Étape 4 : collecte de credentials et reconnaissance
Sur les endpoints atteints, Storm-1175 déploie AnyDesk ou SimpleHelp pour la gestion à distance, Advanced IP Scanner pour la découverte réseau, puis dump la mémoire LSASS avec Mimikatz pour récupérer des identifiants supplémentaires. Cette combinaison d'outils est identique à celle documentée dans les campagnes Medusa antérieures du groupe : seule la charge finale a changé, pas la tradecraft de post-exploitation.
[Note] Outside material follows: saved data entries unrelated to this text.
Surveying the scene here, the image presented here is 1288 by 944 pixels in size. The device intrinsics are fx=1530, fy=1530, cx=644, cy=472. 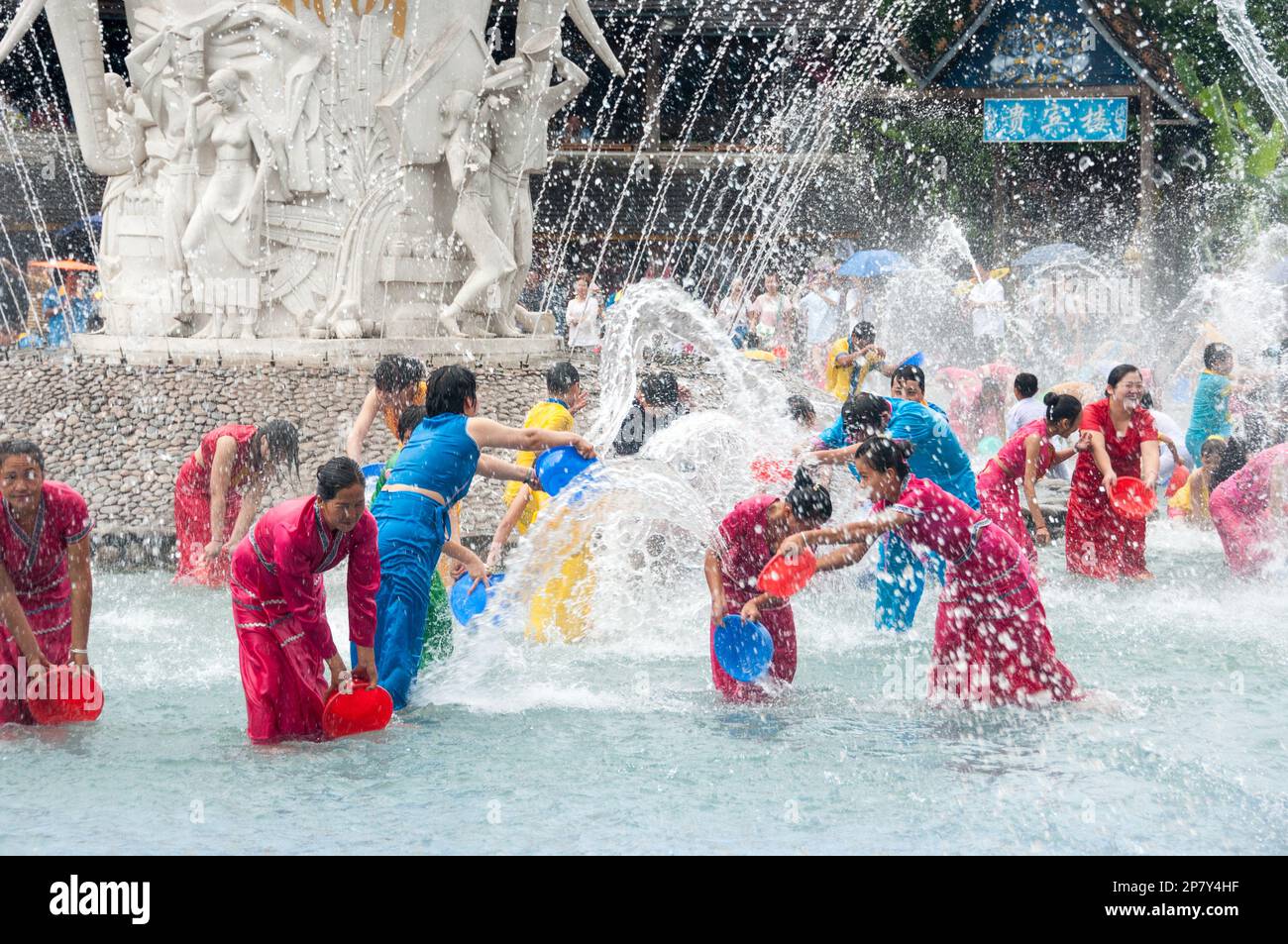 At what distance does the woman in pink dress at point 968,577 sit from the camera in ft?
17.6

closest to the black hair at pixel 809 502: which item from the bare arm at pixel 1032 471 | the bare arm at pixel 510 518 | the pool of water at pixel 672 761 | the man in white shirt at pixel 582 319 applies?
the pool of water at pixel 672 761

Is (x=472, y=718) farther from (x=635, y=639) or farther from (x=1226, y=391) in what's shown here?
(x=1226, y=391)

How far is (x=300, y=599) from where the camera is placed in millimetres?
5117

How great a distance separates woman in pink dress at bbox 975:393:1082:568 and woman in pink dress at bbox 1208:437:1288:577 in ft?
3.66

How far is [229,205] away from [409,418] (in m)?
5.69

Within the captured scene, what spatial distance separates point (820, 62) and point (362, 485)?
810 inches

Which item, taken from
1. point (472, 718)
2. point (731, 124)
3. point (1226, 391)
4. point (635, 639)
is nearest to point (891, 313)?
point (731, 124)

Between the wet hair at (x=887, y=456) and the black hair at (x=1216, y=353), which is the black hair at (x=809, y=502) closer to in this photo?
the wet hair at (x=887, y=456)

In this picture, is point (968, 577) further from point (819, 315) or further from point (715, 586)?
point (819, 315)

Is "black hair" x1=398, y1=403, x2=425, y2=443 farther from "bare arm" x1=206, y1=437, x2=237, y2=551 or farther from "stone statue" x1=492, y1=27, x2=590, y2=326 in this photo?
"stone statue" x1=492, y1=27, x2=590, y2=326

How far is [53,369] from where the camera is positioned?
39.2 ft

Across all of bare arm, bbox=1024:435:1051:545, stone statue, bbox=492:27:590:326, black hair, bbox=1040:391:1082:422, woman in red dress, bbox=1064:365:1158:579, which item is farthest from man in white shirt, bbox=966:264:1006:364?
black hair, bbox=1040:391:1082:422

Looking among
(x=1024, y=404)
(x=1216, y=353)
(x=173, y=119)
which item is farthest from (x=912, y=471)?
(x=173, y=119)

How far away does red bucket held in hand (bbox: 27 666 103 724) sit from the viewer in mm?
5379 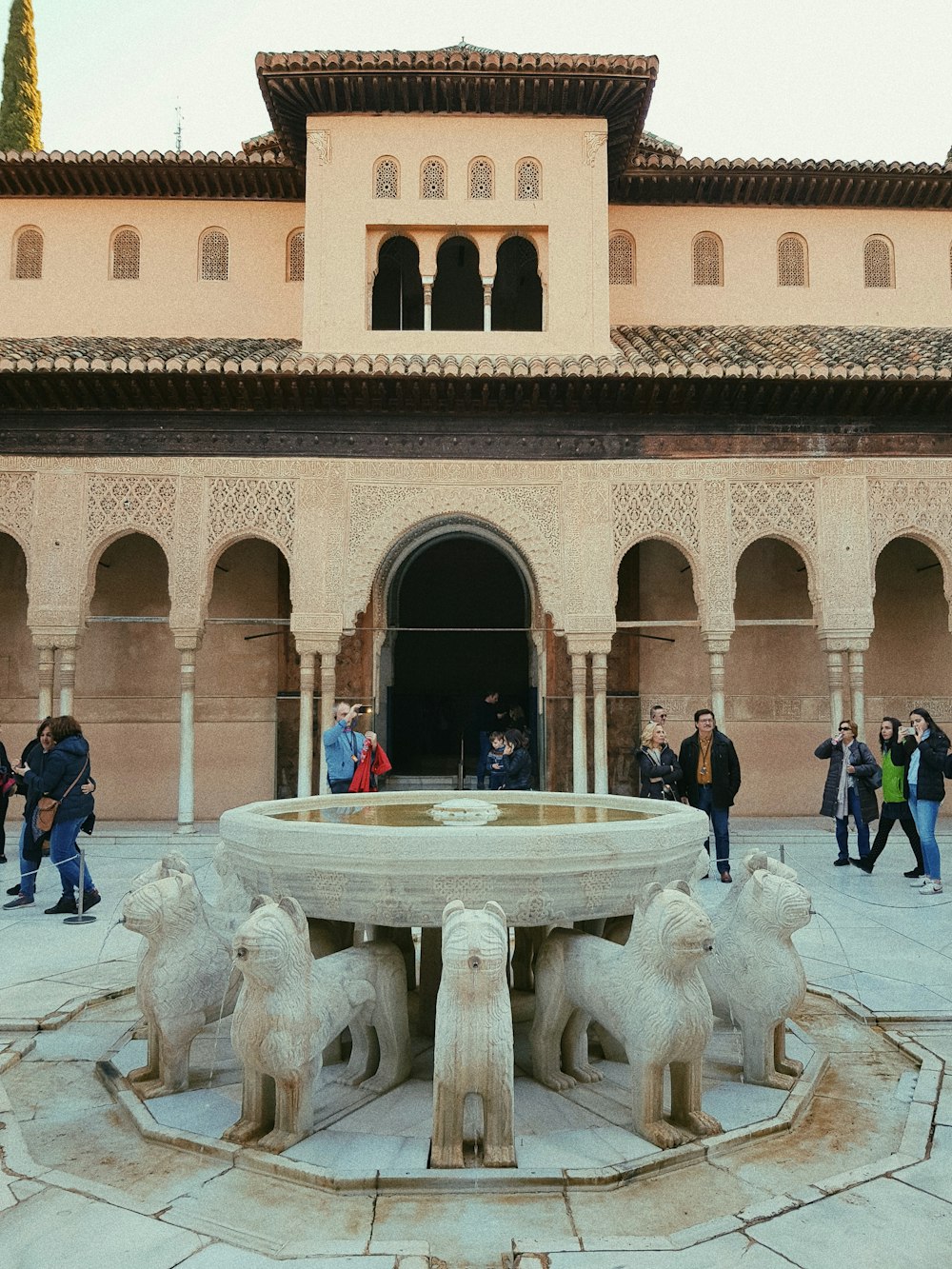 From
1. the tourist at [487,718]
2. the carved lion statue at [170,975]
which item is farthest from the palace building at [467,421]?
the carved lion statue at [170,975]

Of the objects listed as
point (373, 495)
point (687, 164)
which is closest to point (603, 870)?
point (373, 495)

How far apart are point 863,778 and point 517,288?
9383mm

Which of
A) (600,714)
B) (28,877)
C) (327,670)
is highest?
(327,670)

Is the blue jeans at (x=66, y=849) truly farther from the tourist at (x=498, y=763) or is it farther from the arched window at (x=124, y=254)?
the arched window at (x=124, y=254)

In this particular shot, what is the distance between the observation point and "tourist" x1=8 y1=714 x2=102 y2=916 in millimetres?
7203

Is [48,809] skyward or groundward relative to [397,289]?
groundward

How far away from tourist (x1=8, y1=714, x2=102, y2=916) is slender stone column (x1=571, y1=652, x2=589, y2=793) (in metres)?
6.59

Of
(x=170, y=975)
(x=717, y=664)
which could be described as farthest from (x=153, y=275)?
(x=170, y=975)

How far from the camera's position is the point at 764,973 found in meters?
3.88

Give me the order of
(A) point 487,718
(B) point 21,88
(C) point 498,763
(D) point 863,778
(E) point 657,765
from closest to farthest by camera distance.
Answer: (E) point 657,765 < (D) point 863,778 < (C) point 498,763 < (A) point 487,718 < (B) point 21,88

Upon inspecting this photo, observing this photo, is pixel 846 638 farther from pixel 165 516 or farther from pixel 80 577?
pixel 80 577

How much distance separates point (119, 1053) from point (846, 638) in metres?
10.5

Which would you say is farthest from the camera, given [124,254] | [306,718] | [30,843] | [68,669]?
[124,254]

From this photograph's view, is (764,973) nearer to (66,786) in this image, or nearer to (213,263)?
(66,786) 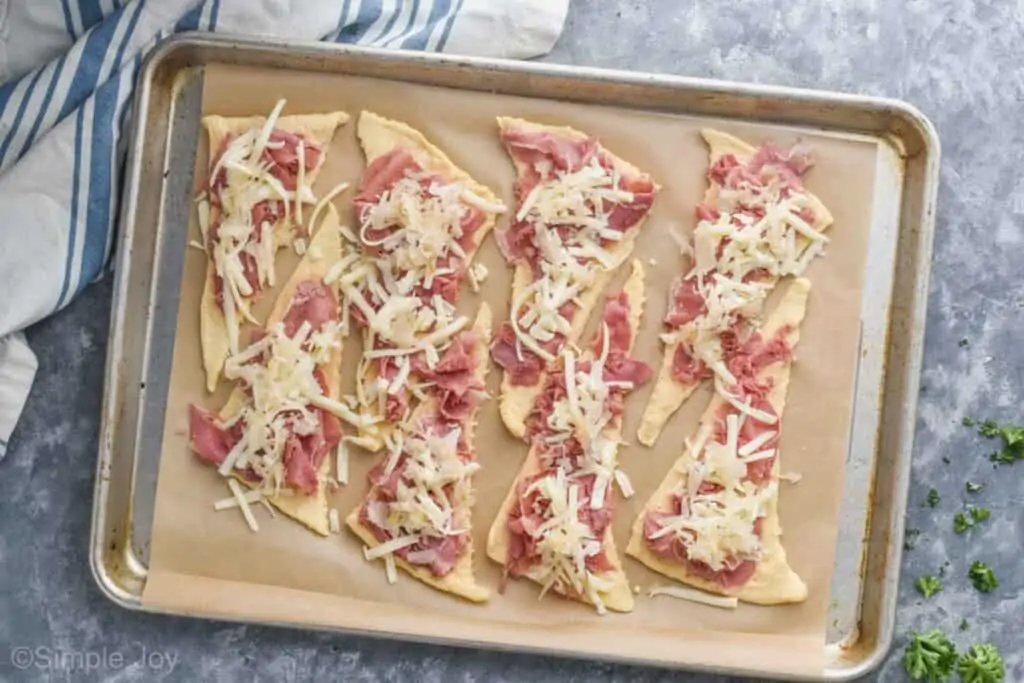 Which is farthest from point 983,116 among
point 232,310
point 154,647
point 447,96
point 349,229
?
point 154,647

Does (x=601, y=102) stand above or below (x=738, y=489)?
above

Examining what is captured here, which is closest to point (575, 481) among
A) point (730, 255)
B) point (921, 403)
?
point (730, 255)

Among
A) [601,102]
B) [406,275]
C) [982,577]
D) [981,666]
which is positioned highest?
[601,102]

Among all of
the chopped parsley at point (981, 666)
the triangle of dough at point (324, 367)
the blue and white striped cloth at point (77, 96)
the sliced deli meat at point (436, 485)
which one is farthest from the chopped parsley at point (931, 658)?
the blue and white striped cloth at point (77, 96)

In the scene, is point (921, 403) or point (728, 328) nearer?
point (728, 328)

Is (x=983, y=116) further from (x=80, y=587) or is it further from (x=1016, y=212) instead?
(x=80, y=587)

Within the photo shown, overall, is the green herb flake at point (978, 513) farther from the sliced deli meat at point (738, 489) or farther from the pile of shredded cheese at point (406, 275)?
the pile of shredded cheese at point (406, 275)

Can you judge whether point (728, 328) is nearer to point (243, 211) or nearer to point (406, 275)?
point (406, 275) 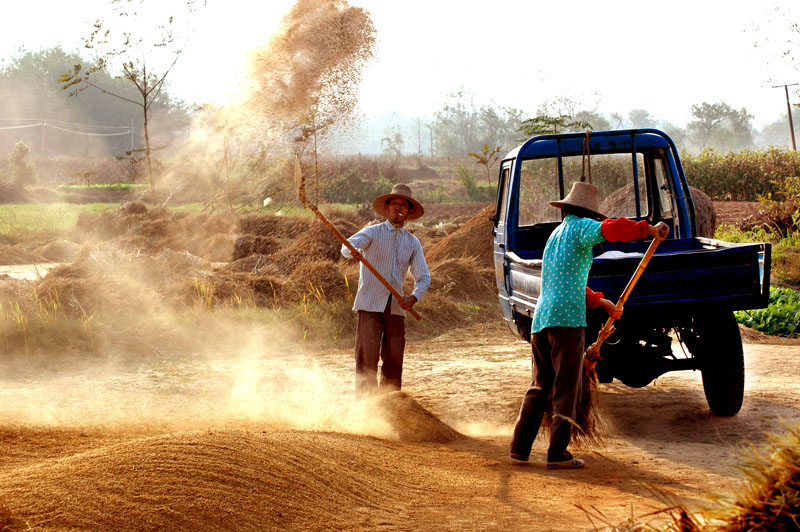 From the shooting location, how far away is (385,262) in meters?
6.91

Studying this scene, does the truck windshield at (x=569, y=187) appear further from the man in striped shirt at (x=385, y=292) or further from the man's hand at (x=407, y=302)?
the man's hand at (x=407, y=302)

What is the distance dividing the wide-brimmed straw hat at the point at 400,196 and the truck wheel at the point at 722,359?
2359 mm

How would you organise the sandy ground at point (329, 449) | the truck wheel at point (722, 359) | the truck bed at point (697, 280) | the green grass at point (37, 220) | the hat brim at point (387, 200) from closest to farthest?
the sandy ground at point (329, 449)
the truck bed at point (697, 280)
the truck wheel at point (722, 359)
the hat brim at point (387, 200)
the green grass at point (37, 220)

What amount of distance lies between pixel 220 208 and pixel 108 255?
9.69 meters

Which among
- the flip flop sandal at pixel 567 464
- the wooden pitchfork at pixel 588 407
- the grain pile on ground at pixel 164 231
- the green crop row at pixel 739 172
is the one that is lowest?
the flip flop sandal at pixel 567 464

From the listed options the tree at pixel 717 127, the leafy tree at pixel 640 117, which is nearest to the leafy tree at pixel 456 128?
the tree at pixel 717 127

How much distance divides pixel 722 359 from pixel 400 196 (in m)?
2.74

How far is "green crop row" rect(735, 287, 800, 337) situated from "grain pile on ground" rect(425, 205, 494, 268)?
5.14 metres

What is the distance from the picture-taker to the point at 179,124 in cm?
6069

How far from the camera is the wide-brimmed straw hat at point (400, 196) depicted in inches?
269

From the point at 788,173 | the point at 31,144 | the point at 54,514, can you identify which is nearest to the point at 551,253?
the point at 54,514

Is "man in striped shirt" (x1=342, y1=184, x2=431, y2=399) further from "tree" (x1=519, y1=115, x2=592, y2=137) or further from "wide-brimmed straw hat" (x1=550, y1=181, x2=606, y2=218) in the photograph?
"tree" (x1=519, y1=115, x2=592, y2=137)

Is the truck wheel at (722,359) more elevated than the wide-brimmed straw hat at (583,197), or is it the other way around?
the wide-brimmed straw hat at (583,197)

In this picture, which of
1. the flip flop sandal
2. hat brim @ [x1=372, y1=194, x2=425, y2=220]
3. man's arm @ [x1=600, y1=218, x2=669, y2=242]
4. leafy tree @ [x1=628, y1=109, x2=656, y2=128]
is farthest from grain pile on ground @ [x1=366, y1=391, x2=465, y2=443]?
leafy tree @ [x1=628, y1=109, x2=656, y2=128] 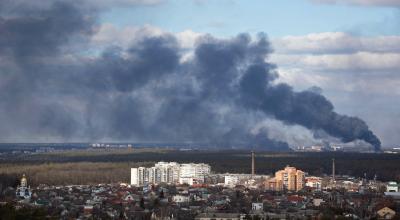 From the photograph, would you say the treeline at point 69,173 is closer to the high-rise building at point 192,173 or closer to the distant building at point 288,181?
the high-rise building at point 192,173

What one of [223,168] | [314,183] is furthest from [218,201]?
[223,168]

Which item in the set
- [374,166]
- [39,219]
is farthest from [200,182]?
[39,219]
Étape 5 : exfiltration puis déploiement de StormEncryptor
Storm-1175 passe de l'accès initial à l'exfiltration de données puis au déploiement du ransomware en quelques jours seulement, un rythme opérationnel que Microsoft qualifie explicitement de rapide dans son avis. StormEncryptor, écrit en C++, ajoute l'extension .encrypted aux fichiers chiffrés et dépose une note de rançon nommée !!!README_FIRST!!!.txt dans chaque répertoire parcouru, laissant trois jours à la victime pour négocier avant publication des données volées.
Indicateurs de compromission
| Type | Valeur |
|---|---|
| Extension de fichiers chiffrés | .encrypted |
| Note de rançon | !!!README_FIRST!!!.txt |
| Service de persistance | Service Windows nommé « Cloudflared » |
| Artefact filesystem | svchost.exe présent dans le dossier Documents d'un profil utilisateur |
| Adresse IP attaquant | 173.249.252.200 |
| Adresse IP attaquant | 87.249.138.34 |
| Adresse IP attaquant | 37.19.210.32 |
| Adresse IP attaquant | 37.153.90.88 |
| Adresse IP attaquant | 92.118.112.181 |
| Adresse IP attaquant | 68.235.46.214 |
| Domaine C2 observé (incident distinct, même flaw) | mousears.synology[.]me |
| Domaine C2 observé (incident distinct, même flaw) | wagoosh.direct.quickconnect[.]to |
| Domaine C2 observé (incident distinct, même flaw) | who-ripped-one.direct.quickconnect[.]to |
| Compte de support abusé | identités liées à mspsupport@n-able.com |
Note de fiabilité : Huntress a précisé que quatre des adresses IP publiées initialement par N-able correspondaient à des nœuds de sortie Mullvad ou NordVPN, donc à du trafic VPN mutualisé plutôt qu'à une infrastructure dédiée à l'attaquant. Ces IP restent utiles pour la corrélation mais ne doivent pas être bloquées aveuglément sans analyse du contexte. Aucun hash de fichier fiable pour l'échantillon StormEncryptor n'a pu être confirmé à partir de sources concordantes au moment de la rédaction ; il est volontairement omis plutôt que reproduit de façon incertaine.
MITRE ATT&CK
Cartographie construite à partir des éléments techniques confirmés par Microsoft, N-able et Huntress. Aucune cartographie officielle n'a été publiée par ces sources ; il s'agit d'une lecture technique et non d'une attribution vendeur.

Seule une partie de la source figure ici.